## Work to complete
For the records below, please print exactly and only the lines from the one with "上半分はモンベルの折り畳み傘のロゴマークです" down to the one with "Tanah Murah di", both ends included, omitting the pictures.

Records excerpted from a collection
___

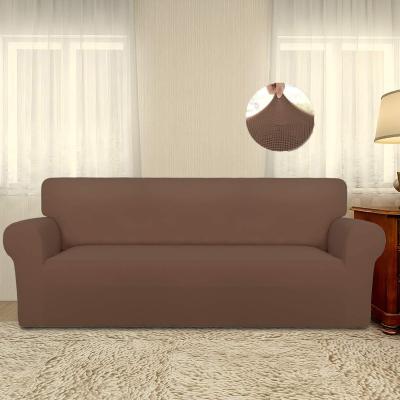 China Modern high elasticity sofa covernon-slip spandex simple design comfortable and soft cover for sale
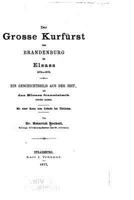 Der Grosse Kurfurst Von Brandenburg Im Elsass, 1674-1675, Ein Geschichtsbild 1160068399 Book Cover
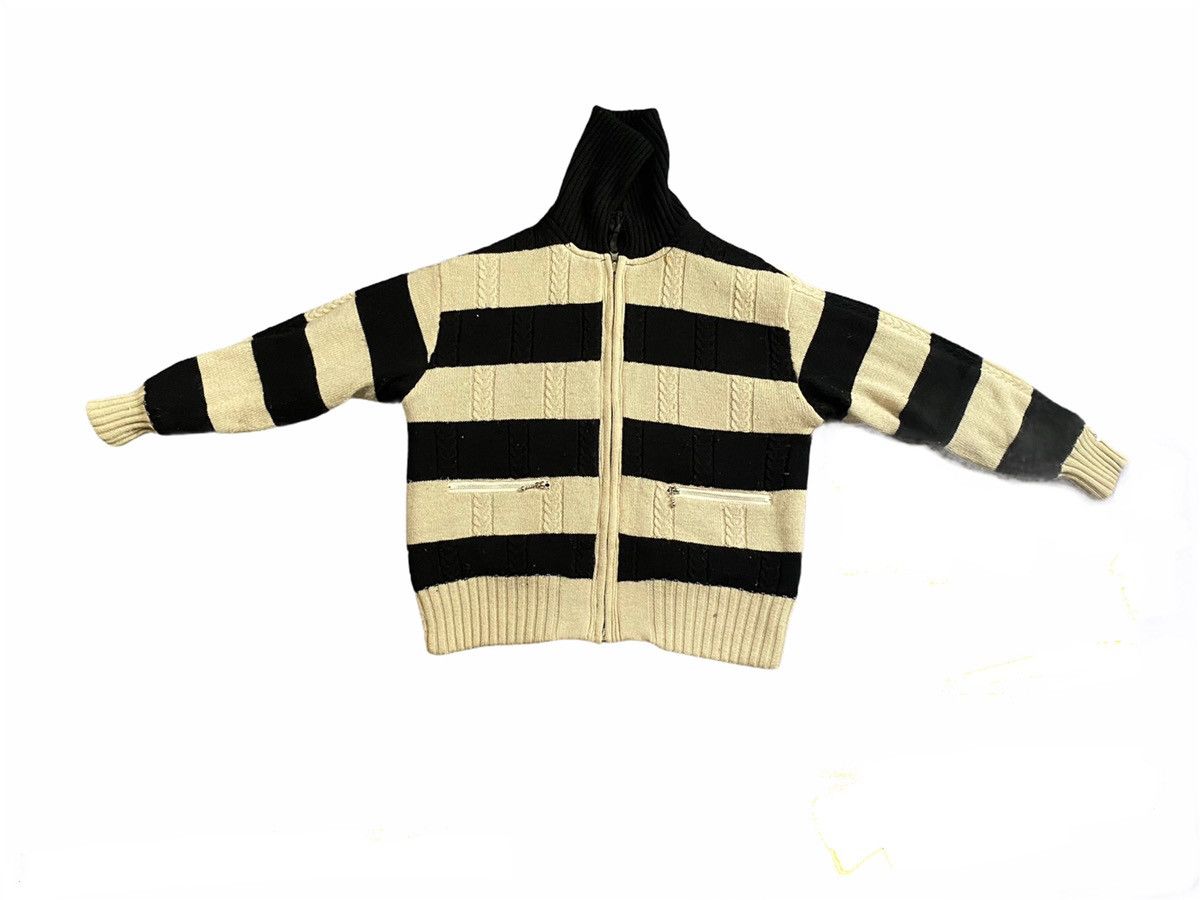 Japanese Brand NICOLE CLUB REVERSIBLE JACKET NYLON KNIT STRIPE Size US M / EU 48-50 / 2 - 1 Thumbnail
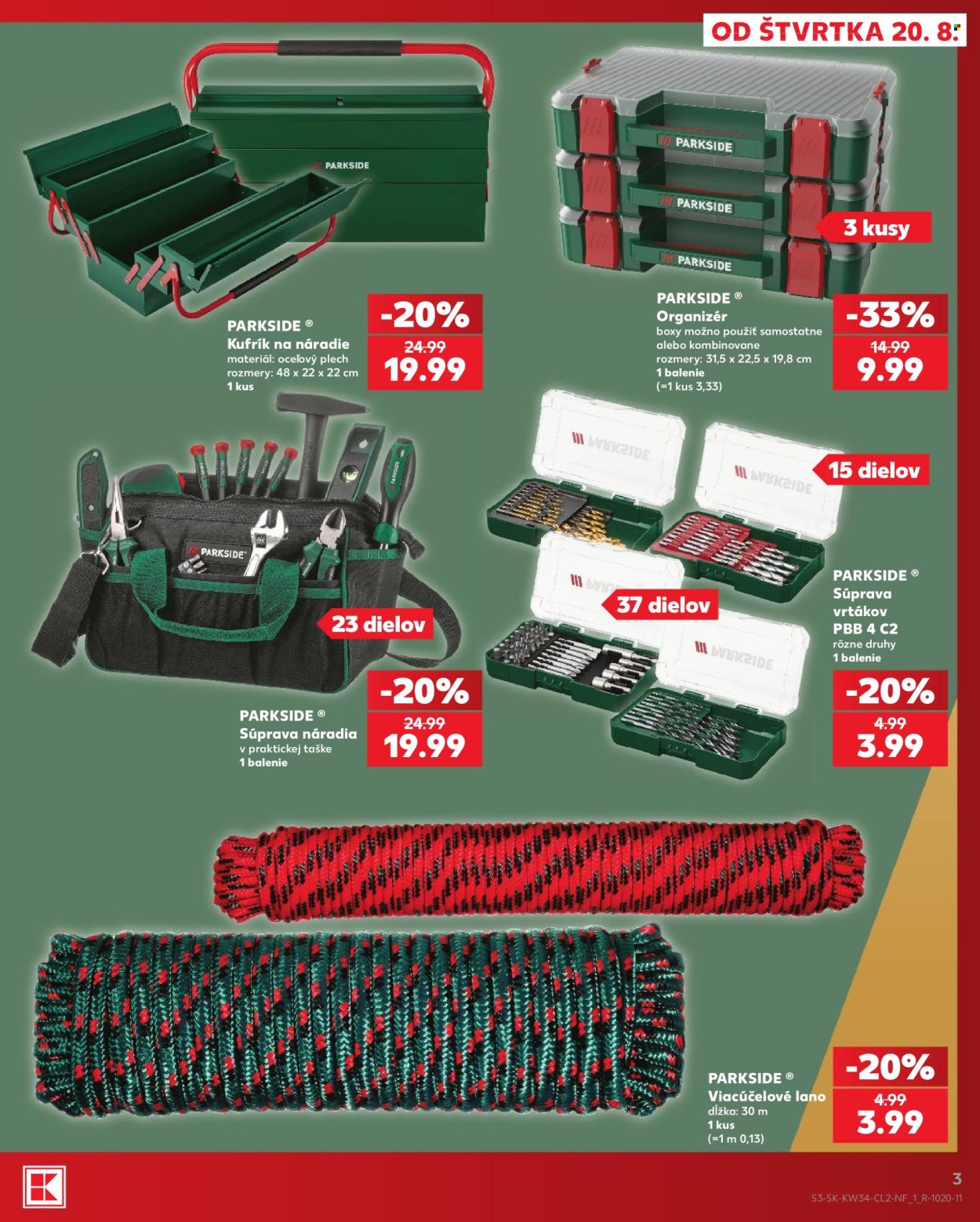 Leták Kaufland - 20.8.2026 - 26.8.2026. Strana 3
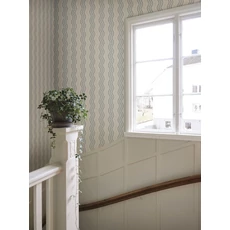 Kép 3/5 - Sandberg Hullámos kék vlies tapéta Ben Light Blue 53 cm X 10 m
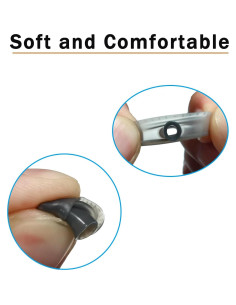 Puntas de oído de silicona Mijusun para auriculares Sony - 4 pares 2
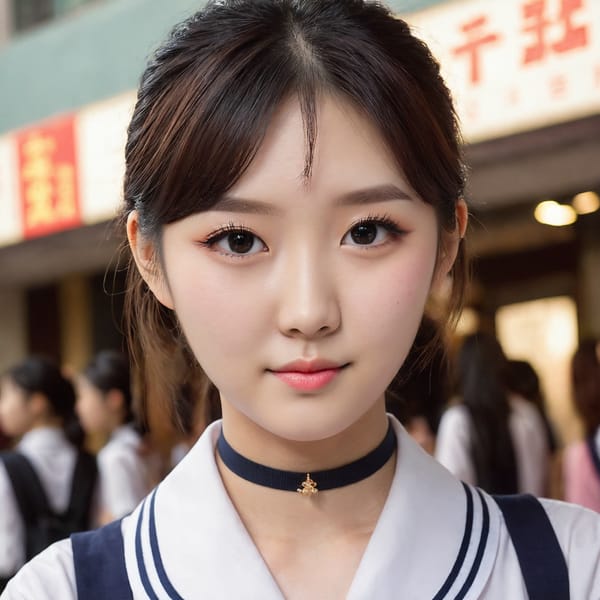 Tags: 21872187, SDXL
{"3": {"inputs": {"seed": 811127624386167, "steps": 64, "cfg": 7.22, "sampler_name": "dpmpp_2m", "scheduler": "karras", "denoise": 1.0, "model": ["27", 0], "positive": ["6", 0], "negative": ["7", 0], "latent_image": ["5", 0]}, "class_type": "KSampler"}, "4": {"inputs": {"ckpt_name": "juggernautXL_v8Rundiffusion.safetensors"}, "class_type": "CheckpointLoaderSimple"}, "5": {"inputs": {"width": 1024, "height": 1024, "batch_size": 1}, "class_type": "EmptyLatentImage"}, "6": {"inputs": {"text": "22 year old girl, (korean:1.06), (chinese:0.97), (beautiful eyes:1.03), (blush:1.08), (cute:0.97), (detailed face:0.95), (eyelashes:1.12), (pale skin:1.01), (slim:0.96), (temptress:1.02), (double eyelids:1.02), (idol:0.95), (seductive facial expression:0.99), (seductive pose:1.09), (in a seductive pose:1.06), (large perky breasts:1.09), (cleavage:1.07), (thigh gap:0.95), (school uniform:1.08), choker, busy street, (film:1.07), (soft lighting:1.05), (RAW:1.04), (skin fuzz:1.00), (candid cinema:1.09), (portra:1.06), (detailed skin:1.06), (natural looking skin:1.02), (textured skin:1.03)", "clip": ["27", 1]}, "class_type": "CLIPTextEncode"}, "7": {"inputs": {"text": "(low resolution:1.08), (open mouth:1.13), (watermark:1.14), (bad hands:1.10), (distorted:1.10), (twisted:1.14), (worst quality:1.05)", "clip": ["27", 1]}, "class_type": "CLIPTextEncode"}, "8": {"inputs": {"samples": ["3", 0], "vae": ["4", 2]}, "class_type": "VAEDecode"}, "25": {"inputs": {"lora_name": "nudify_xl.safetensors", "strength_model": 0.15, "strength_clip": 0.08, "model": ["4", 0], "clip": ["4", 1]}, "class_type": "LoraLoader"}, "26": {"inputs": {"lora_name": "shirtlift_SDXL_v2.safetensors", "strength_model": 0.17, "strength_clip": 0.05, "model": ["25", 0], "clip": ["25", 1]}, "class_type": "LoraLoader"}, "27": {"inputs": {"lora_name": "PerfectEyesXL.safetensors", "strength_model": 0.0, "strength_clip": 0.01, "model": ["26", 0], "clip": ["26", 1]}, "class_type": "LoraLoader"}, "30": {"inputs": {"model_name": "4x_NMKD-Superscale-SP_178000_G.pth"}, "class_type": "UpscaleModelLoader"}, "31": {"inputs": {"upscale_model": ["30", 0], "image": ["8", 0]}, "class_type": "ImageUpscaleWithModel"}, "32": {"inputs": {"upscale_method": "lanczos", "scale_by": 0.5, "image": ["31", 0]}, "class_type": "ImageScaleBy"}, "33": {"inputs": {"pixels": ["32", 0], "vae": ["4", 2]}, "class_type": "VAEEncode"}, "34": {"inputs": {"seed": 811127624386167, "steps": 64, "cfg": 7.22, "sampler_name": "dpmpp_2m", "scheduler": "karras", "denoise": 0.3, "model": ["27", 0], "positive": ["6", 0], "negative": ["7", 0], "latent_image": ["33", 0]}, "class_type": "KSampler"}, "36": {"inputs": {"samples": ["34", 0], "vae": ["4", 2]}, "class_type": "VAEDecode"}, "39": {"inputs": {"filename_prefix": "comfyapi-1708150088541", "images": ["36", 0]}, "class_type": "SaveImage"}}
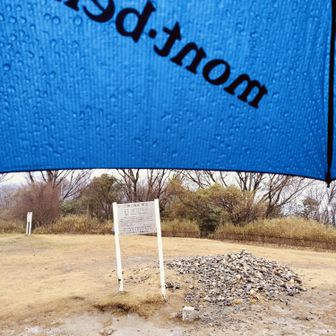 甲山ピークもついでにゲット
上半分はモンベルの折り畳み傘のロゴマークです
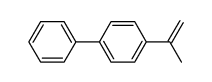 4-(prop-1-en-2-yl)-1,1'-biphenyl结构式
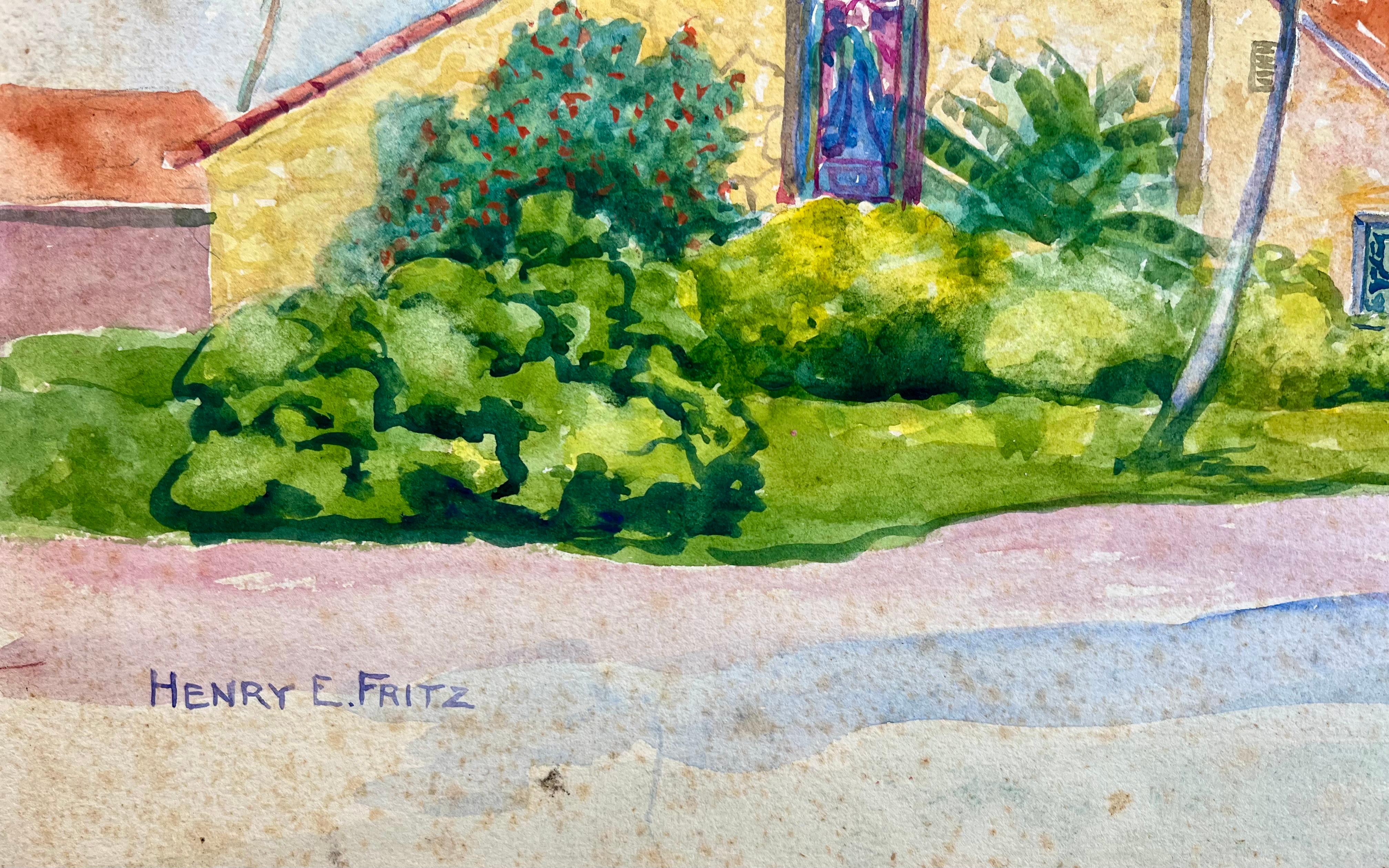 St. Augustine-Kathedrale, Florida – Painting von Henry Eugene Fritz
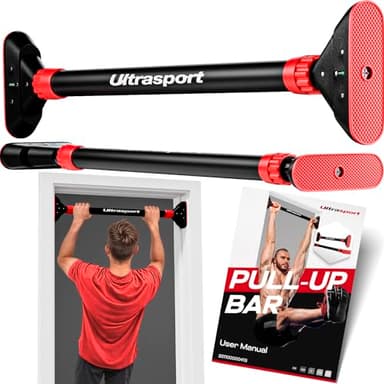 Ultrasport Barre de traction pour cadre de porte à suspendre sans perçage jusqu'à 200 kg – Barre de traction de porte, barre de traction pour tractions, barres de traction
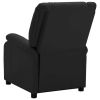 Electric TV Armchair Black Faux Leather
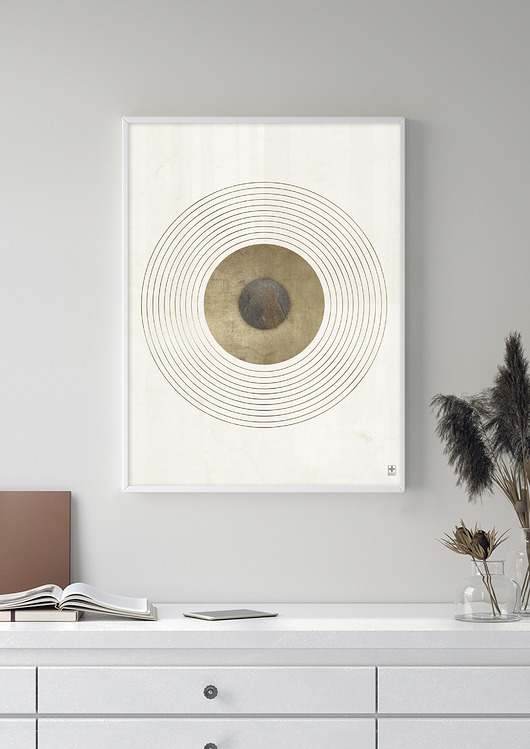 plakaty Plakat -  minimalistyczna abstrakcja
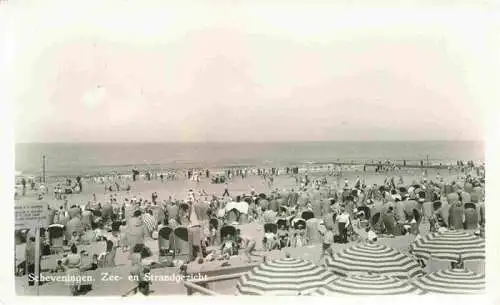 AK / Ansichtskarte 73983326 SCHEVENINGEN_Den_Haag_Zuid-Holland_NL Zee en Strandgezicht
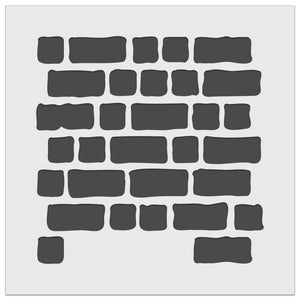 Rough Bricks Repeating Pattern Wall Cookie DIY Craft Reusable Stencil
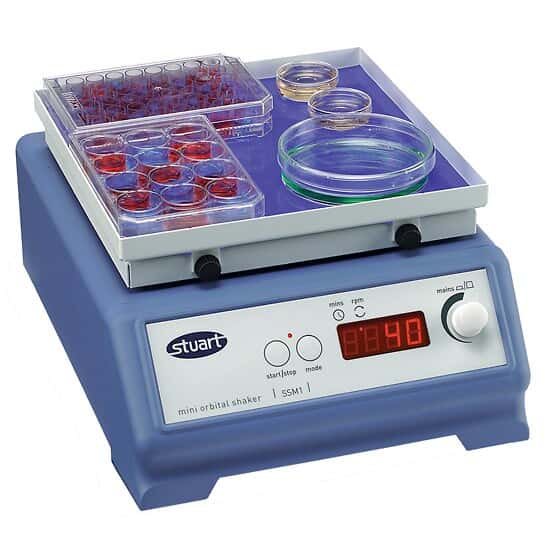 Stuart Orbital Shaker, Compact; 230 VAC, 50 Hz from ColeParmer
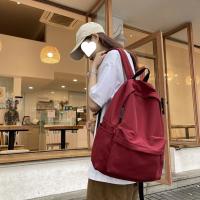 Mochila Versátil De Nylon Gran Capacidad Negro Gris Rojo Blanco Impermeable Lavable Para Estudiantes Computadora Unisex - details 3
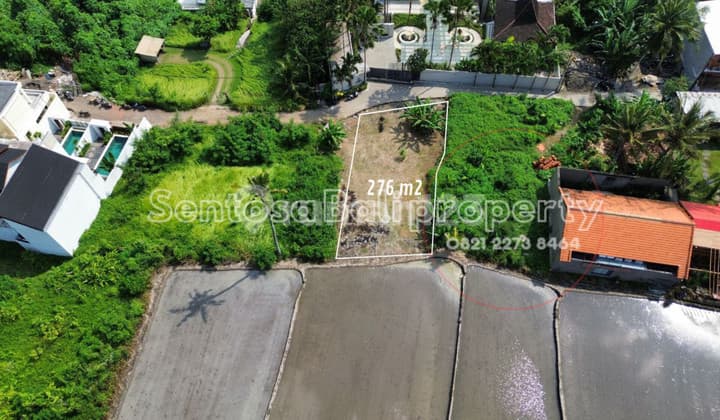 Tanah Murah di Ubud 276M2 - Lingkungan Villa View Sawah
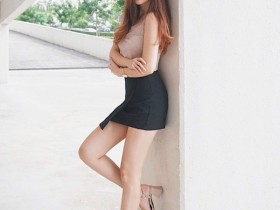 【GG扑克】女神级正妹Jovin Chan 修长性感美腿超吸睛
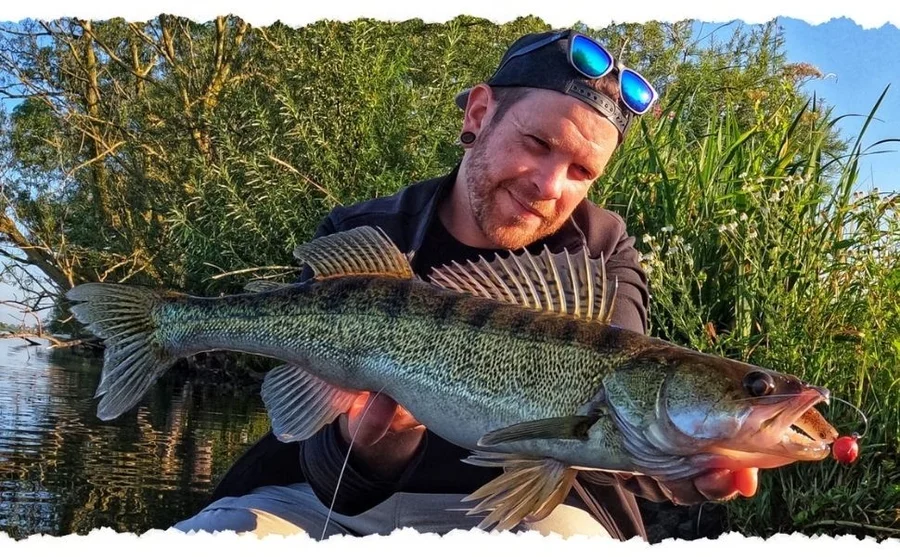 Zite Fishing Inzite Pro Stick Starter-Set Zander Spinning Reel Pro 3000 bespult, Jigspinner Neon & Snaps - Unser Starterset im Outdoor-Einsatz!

___

## Task result
上半分はモンベルの折り畳み傘のロゴマークです
 4-(prop-1-en-2-yl)-1,1'-biphenyl结构式
 St. Augustine-Kathedrale, Florida – Painting von Henry Eugene Fritz
 Ultrasport Barre de traction pour cadre de porte à suspendre sans perçage jusqu'à 200 kg – Barre de traction de porte, barre de traction pour tractions, barres de traction
 Electric TV Armchair Black Faux Leather
 plakaty Plakat -  minimalistyczna abstrakcja
 AK / Ansichtskarte 73983326 SCHEVENINGEN_Den_Haag_Zuid-Holland_NL Zee en Strandgezicht
 Rough Bricks Repeating Pattern Wall Cookie DIY Craft Reusable Stencil
 Stuart Orbital Shaker, Compact; 230 VAC, 50 Hz from ColeParmer
 Mochila Versátil De Nylon Gran Capacidad Negro Gris Rojo Blanco Impermeable Lavable Para Estudiantes Computadora Unisex - details 3
 Tanah Murah di Ubud 276M2 - Lingkungan Villa View Sawah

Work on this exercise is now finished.